Al Aronowitz was a frequent visitor to Byrdcliffe, often schlepping the two-and-a-half-hour drive up there from his New Jersey home with the latest films he had borrowed from a movie business chum, or taking his wife and children up for backyard picnics at the Dylans'. Bob, he freely acknowledges, was hardly a model citizen, with a terrible temper and more than his fair share of bad habits, but Sara knew just how to tame his rages when they were directed at Aronowitz.

"Sara always went out of her way to be kind to me," he recalls fondly. "She treated me as if I was a close relative. Whatever predicament we happened to be in, she always knew what to say to turn it into a joke. I worshiped Sara as a goddess who not only could calm the storm but who also could turn Bob into a human being. Bob was never a nicer guy than when he was with Sara.... In the years following his motorcycle accident, Bob acted like a romantic cornball when he was with her. More and more, he depended on her advice as if she were his astrologer, his oracle, his seer, his psychic guide. He would rely on her to tell him the best hour and the best day to travel.

"For me, they were the ideal loving couple. They flirted with each other constantly. Their kitchen-talk, table-talk, parlor-talk, and general dialogue impressed me as certainly hipper than any I've ever heard in any soap opera or sitcom. She was always just as hip as he was. Bob and Sara put on an impressive show for me, a drama full of romance and wisecracks and everyday common sense. I felt proud to be the audience."

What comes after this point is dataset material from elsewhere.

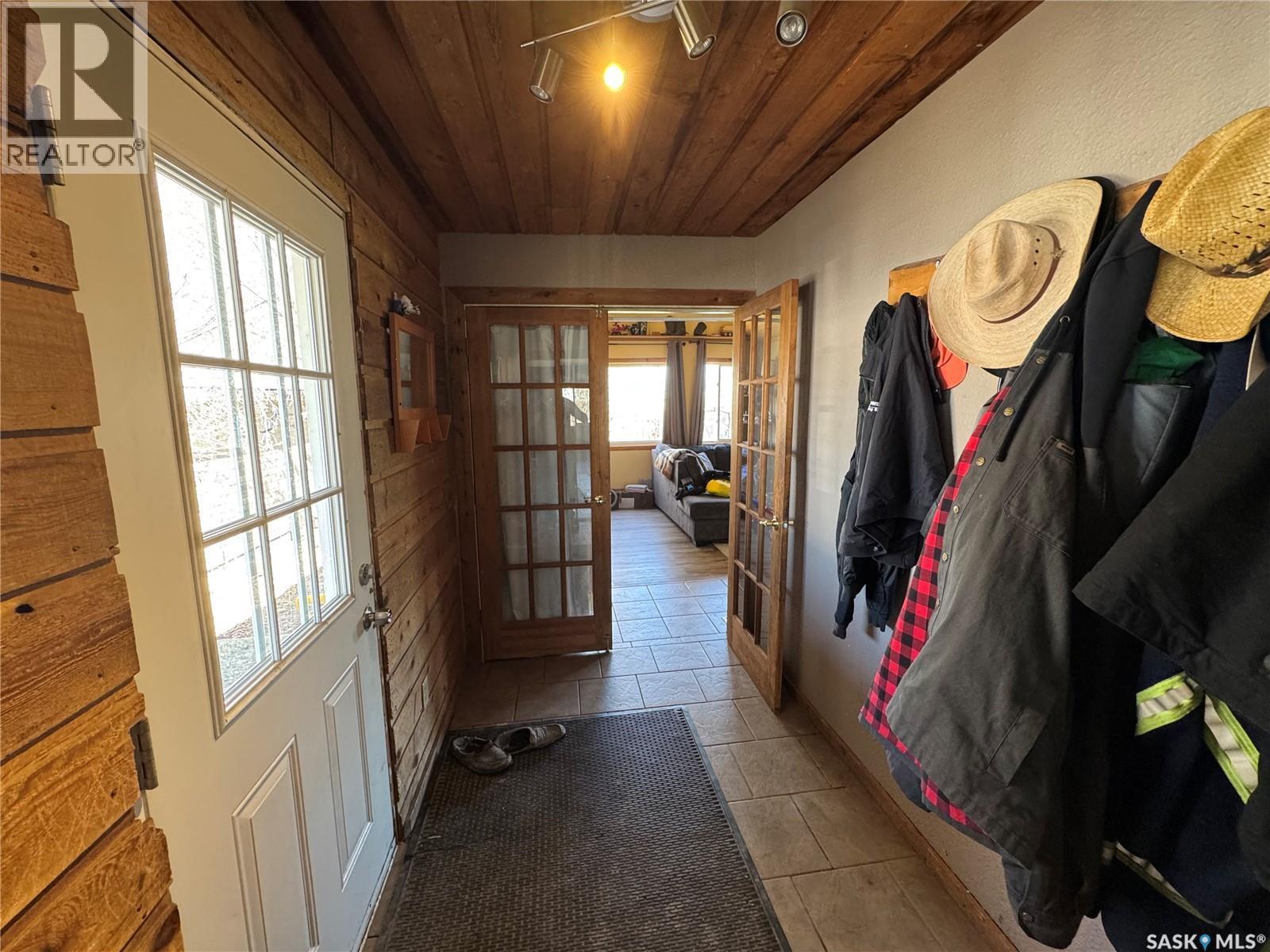 381 2Nd Street, Disley, SK - Indoor Photo Showing Other Room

Another frequent visitor to Byrdcliffe was folksinger Happy Traum, who had known Bob since the early '60s, when as a member of the New World Singers he had often shared stages at Greenwich Village folk clubs such as Gerde's Folk City. In the mid-'60s, Happy and his wife Jane joined the snowballing artistic exodus from New York to Woodstock and met up with Bob again.

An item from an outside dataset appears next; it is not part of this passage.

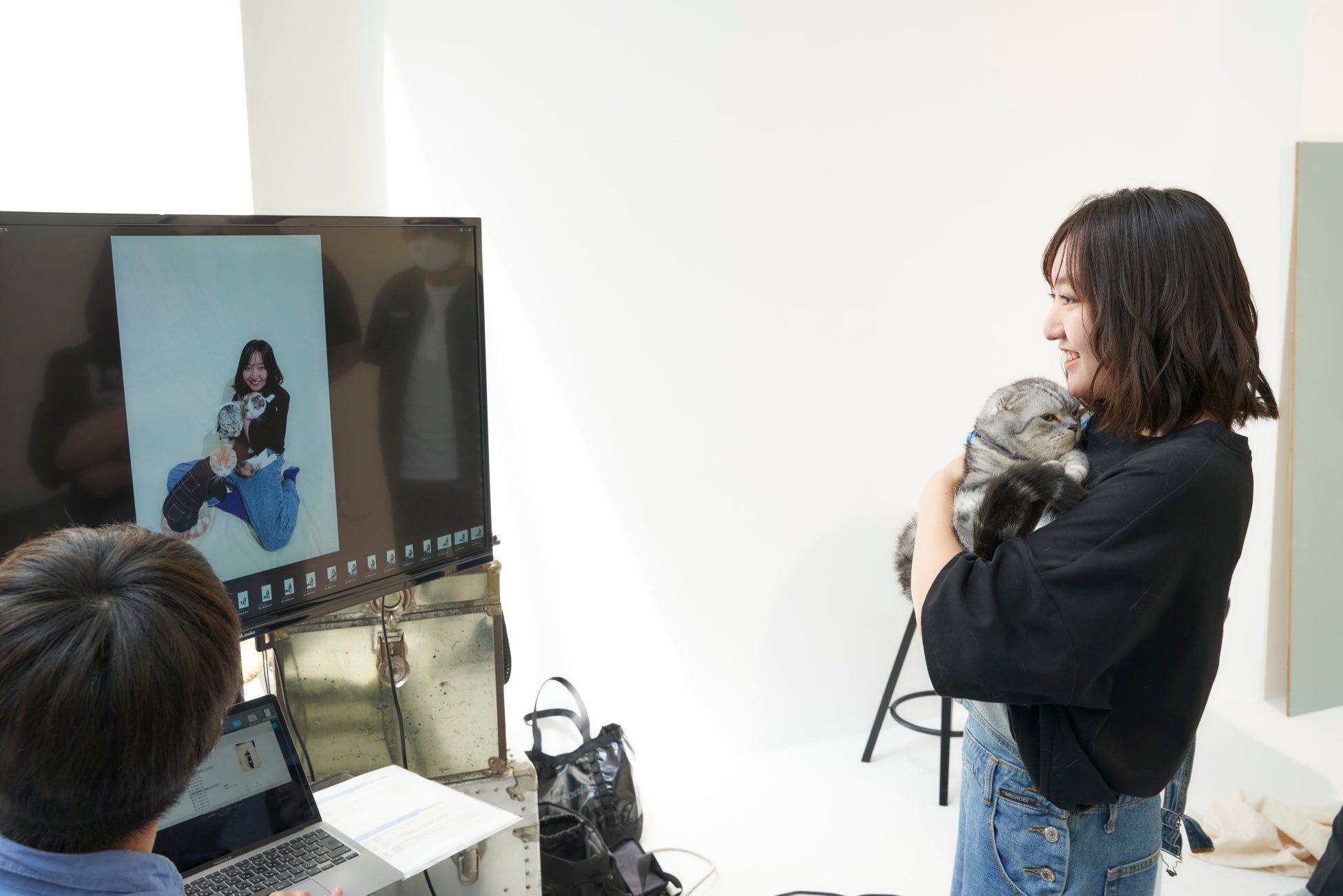 犬猫健康アプリの「ペトナビ」が、愛犬愛猫と共に楽しむ、美容イベント【うちの子と。】を開催！女優 谷 花音さんと、愛猫3匹がお揃い衣装で写真撮影に臨み、「素敵な思い出になりました」と笑顔を見せた。のサブ画像4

"When Jane and I came to Woodstock in the summer of 1966, we became reacquainted with Bob, with whom we had lost touch after his huge pop success," he explains. "By the following summer we had moved there full time and rented a cabin just a short walk from Bob and Sara's home in Byrdcliffe, the historic artist colony that gave Woodstock its initial renown. Bob was recovering from his motorcycle accident, and he was living a quiet country life with his family. We became quite friendly with Bob and Sara, and our kids liked playing with their kids. It was partly the family connection that brought us together, along with our past history and mutual friends from our Village days."

Happy and Bob would play music together, in a relaxed affiliation that would eventually be consummated on record when Bob asked him along to play on some new tracks he was recording for his Greatest Hits Vol. 2 album. Happy wound up fingerpicking blues guitar on "I Shall Be Released," adding fills and slide licks to "Down in the Flood," and playing banjo and bass-an instrument with which he was almost completely unfamiliar-on "You Ain't Goin' Nowhere." Like Al Aronowitz, he remembers Sara with great affection.

"Sara was lovely," he affirms. "Fairly quiet, very intelligent, with an understated but distinctly funny sense of humor. She and Jane got along very well, and we enjoyed her company. We often had meals together as a family and shared at least two Thanksgiving dinners at their home. Along with a very small circle of other Woodstock friends, many of whom were not musicians, we had fairly normal family contacts with Bob and Sara."

Happy and Jane stayed friendly with Sara after she and Bob parted ways, and she would sometimes drop in to see them when she visited Woodstock. On one such occasion, Happy had recently returned from a summer playing at folk festivals in Europe in a trio alongside future Dylan guitarist Larry Campbell and future Chris Isaak bassist Roly Salley, who had fallen hard for an Irish harpist they had run into several times during the jaunt. Roly was hanging out at Happy's place when a black limousine cruised up the drive and stopped in the yard. Like others before him, he was transfixed by the black-clad beauty (Sara) who disembarked.